What this task involves:
Hunt through the lines below for the string "Young" and copy each one that has it.
### Records provided
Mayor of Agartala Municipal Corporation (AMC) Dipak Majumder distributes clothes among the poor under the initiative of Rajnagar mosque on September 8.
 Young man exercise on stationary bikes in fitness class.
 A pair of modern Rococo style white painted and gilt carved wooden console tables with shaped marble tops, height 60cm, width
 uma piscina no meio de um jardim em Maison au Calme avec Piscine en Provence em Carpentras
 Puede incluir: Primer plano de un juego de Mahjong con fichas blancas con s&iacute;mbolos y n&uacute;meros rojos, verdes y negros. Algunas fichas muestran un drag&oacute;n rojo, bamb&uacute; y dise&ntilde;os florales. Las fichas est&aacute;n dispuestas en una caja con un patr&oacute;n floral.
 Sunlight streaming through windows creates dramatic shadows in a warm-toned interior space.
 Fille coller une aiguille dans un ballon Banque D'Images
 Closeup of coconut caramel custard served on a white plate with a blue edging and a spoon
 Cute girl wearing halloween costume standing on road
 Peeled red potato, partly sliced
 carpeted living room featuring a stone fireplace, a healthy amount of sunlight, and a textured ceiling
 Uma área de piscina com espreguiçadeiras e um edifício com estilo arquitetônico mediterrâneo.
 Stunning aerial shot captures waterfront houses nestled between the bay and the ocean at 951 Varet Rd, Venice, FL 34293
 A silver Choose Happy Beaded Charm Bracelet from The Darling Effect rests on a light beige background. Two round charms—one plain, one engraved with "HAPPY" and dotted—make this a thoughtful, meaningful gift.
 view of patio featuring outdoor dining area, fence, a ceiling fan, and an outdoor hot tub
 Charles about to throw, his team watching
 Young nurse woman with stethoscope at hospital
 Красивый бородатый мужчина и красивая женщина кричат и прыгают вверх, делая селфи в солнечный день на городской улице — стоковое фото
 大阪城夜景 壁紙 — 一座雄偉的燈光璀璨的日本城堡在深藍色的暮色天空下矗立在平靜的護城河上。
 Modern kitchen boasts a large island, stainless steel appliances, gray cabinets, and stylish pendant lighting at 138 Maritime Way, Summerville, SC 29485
######
Written solution:
 Young man exercise on stationary bikes in fitness class.
 Young nurse woman with stethoscope at hospital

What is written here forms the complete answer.